Textbook's answer: $y-1=0$ and $6x-2y-3z-7=0$
Thank you.
($d=1$ can be taken arbitrarily here. If another value is chosen, the values for $a,b,c$ are scaled by a factor of $d$ and the same plane equations result.)

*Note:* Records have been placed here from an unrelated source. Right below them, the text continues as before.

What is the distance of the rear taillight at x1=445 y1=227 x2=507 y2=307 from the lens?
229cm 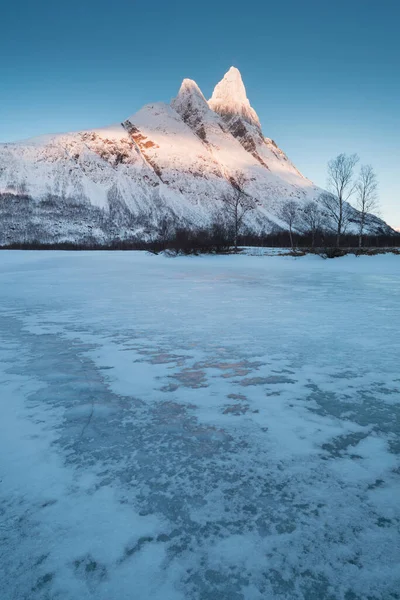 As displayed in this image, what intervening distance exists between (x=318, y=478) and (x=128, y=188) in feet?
610

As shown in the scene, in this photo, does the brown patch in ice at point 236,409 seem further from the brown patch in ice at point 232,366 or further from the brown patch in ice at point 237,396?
the brown patch in ice at point 232,366

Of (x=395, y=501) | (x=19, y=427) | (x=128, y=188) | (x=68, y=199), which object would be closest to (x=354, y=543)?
(x=395, y=501)

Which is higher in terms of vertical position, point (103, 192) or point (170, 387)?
point (103, 192)

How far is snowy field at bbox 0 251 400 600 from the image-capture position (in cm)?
157

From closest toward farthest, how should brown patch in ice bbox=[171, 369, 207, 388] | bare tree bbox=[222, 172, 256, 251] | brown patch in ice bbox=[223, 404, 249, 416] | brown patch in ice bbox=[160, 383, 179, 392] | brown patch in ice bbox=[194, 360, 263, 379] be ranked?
brown patch in ice bbox=[223, 404, 249, 416], brown patch in ice bbox=[160, 383, 179, 392], brown patch in ice bbox=[171, 369, 207, 388], brown patch in ice bbox=[194, 360, 263, 379], bare tree bbox=[222, 172, 256, 251]

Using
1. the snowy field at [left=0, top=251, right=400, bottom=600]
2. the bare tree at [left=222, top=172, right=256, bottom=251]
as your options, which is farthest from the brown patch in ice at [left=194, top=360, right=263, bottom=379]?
the bare tree at [left=222, top=172, right=256, bottom=251]

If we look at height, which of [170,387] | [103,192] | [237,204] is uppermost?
[103,192]

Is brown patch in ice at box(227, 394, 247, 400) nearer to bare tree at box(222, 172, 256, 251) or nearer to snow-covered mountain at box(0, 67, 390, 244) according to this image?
bare tree at box(222, 172, 256, 251)

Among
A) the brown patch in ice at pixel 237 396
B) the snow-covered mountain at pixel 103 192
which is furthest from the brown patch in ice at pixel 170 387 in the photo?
the snow-covered mountain at pixel 103 192

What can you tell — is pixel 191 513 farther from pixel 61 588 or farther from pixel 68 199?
pixel 68 199

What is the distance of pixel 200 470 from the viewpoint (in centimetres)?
234

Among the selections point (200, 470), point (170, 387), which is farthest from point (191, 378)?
point (200, 470)

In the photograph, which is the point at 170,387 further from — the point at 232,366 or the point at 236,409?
the point at 232,366

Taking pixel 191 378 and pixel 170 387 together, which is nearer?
pixel 170 387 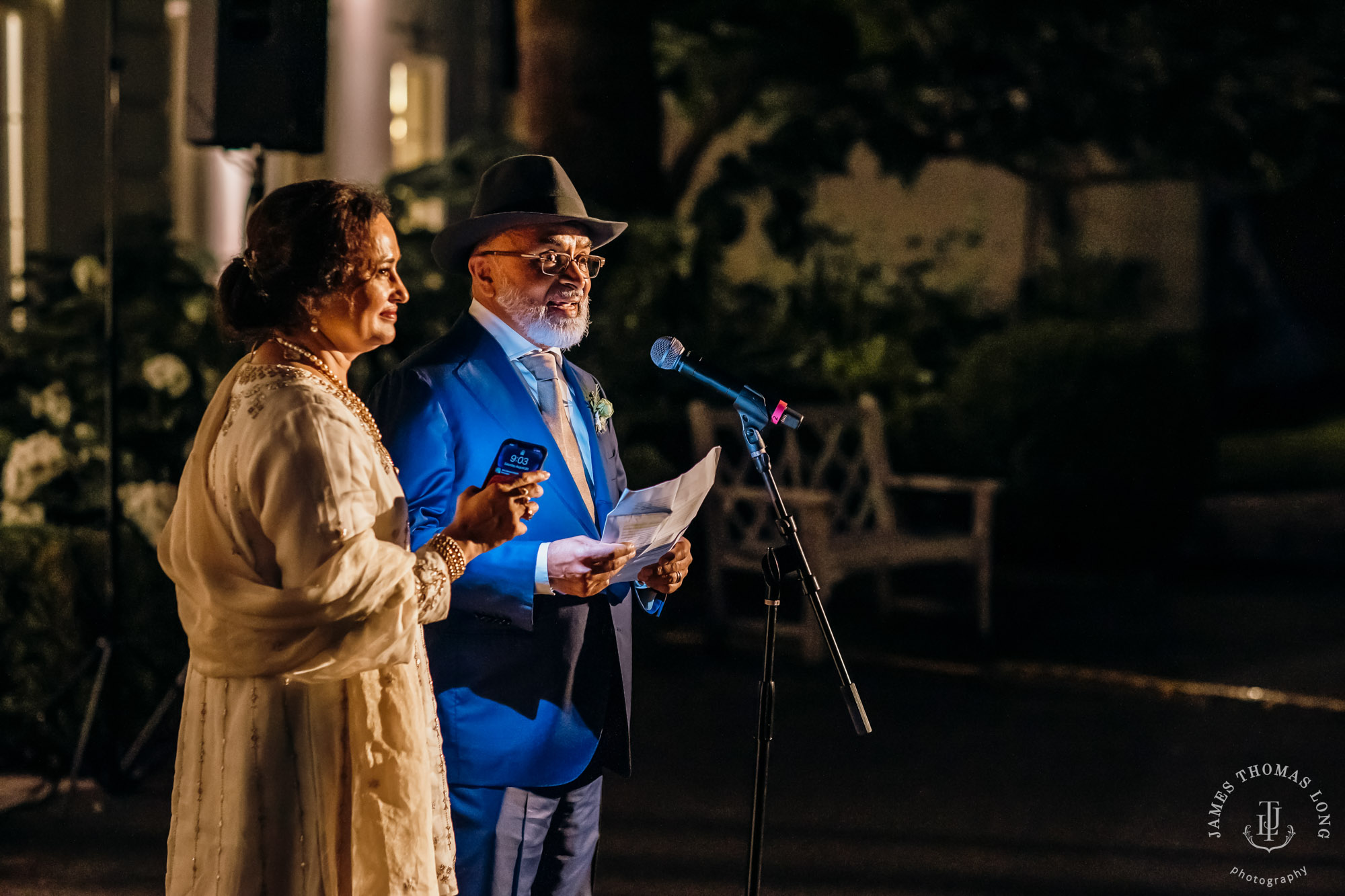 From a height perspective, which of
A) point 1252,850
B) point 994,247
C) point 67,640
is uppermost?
point 994,247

$$1=\frac{|a+2c+1|}{\sqrt{a^2+b^2+c^2}}\tag1$$ $$a+b-c=-1\tag2$$ $$2a+b+c=-1\tag3$$ $$a+2c=0\tag4$$ Substitute (4) into (1) twice: $$1=\frac{|0+1|}{\sqrt{(-2c)^2+b^2+c^2}}$$ $$1=\frac1{\sqrt{5c^2+b^2}}$$ $$5c^2+b^2=1\tag5$$ Substitute (4) and (5) into (2) to leave an equation in $c$ only: $$-2c+\sqrt{1-5c^2}-c=-1$$ $$\sqrt{1-5c^2}=3c-1$$ $$1-5c^2=9c^2-6c+1$$ $$14c^2-6c=0$$ from which we get $c=0$ or $c=\frac37$. For both cases substitute into (4) and then (2) to get two possible normals: $$a=0,b=-1,c=0$$ $$a=-\frac67,b=\frac27,c=\frac37$$ (2) establishes that $(a,b,c)\cdot P=-1$ in both cases, so we have the plane equations $$-y=-1,\quad-\frac67x+\frac27y+\frac37z=-1$$ which rearrange to the given answers of $$y-1=0,\quad 6x-2y-3z-7=0$$